For more than a century, the teeny tiny coffin hid a big secret: the youngest mummy in ancient Egypt.
British archaeologists revealed this week that a miniature coffin under their care contained the youngest human fetus ever uncovered in ancient Egypt.
“This discovery is the only academically verified specimen to exist at only 16 to 18 weeks of gestation,” University of Cambridge said in a statement.
The coffin made of cedarwood dates to around 664-525 BC, and highlights the value of burial rituals in ancient Egypt, even at such a young age.
Dug up decades ago
The diminutive coffin was excavated in the Egyptian city of Giza in 1907.
But researchers left it alone for years, believing the small bundle inside contained gruesome mummified organs from embalming procedures.
An X-ray imaging at the Fitzwilliam Museum, which is the university’s antiquities facility, was inconclusive, the university said.
A micro CT scan at Cambridge University’s zoology department later revealed the first pictures of a tiny mummified human body held within undisturbed wrappings.
“Five digits on both hands and feet and the long bones of the legs and arms were all clearly visible,” the university said.
“Although the soft skull and pelvis were found to be collapsed, the categorical consensus was that inside the bundle was a human fetus estimated to be of no more than 18 weeks gestation.”
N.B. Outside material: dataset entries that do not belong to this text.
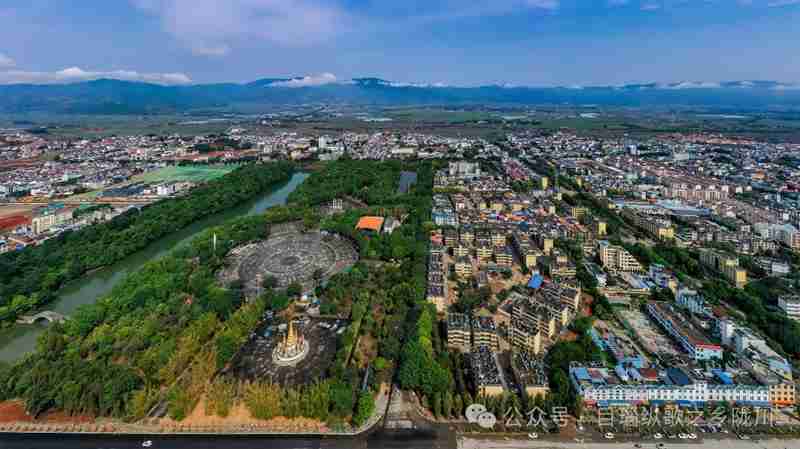 075PHQIT9W24122616121005CCDDA7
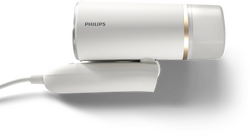 Philips 3000 Serisi STH3020/10 1000 W El Tipi Buharlı Düzleştirici - Thumbnail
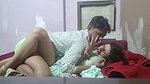 Desi bhabhi fucking hard on bed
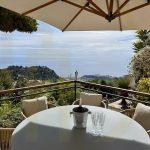 Charming Villa with Panoramic Views – LA TURBIE – Gallery 2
The fetus, whose gender is unclear, is believed to be the result of a miscarriage. Archaeologists could not determine why it was not carried to full-term.
King Tut buried with 2 fetuses
This is not the first time mummified ancient fetuses have been discovered in Egypt.
But previous ones have been older, and include two found in coffins within King Tut’s tomb. Those were estimated to be between 25 to 37 weeks old.
In the latest find announced Wednesday, the miniature coffin measured just 44cm (17 inches) in length, and features carved wood with painstakingly small details.
“The care taken in the preparation of this burial clearly demonstrates the value placed on life even in the first weeks of its inception,” said Julie Dawson, head of conservation at the museum.
The tiny package inside was wrapped and carefully bound in bandages, the university said. Before the coffin was closed, molten black resin was poured on it to add another layer of protection.